Given information:

----

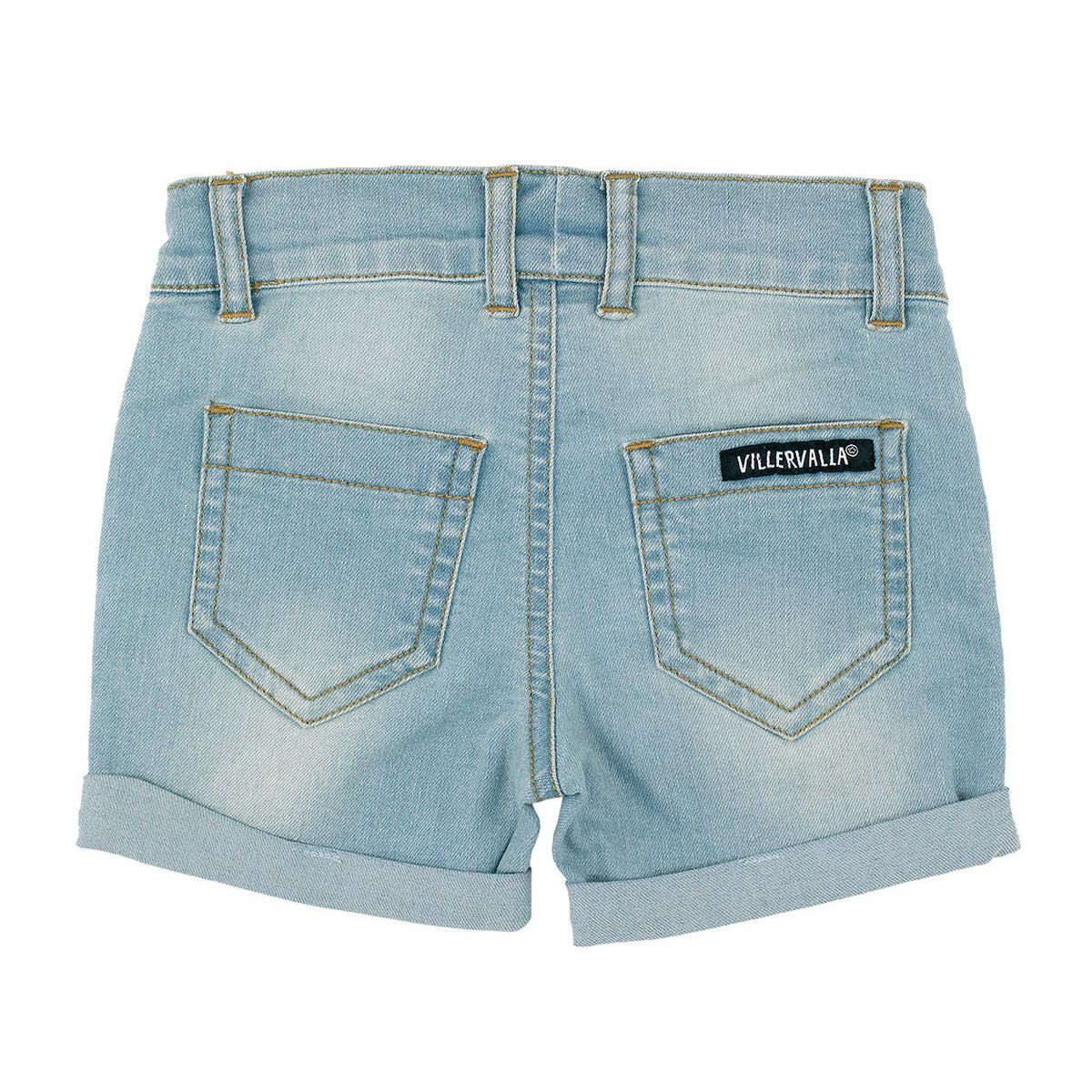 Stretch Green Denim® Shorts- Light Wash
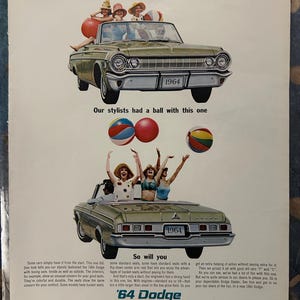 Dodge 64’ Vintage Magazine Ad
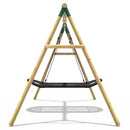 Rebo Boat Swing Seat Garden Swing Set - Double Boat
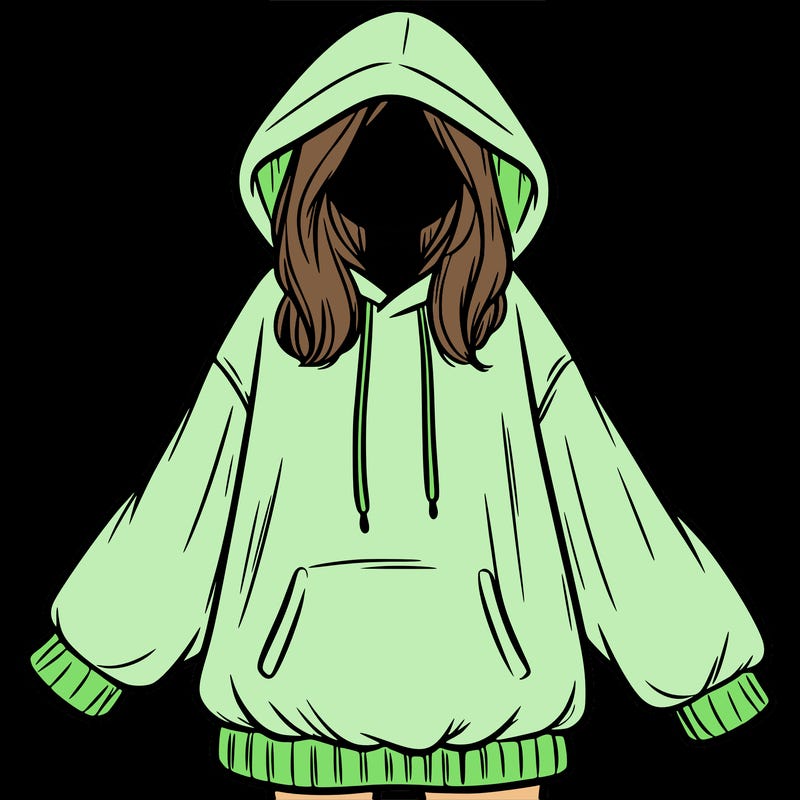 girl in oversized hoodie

----

Exercise objective:
Go through the listing above and retype each line exactly, apart from the pictures.

Task output:
 Stretch Green Denim® Shorts- Light Wash
 Dodge 64’ Vintage Magazine Ad
 Rebo Boat Swing Seat Garden Swing Set - Double Boat
 girl in oversized hoodie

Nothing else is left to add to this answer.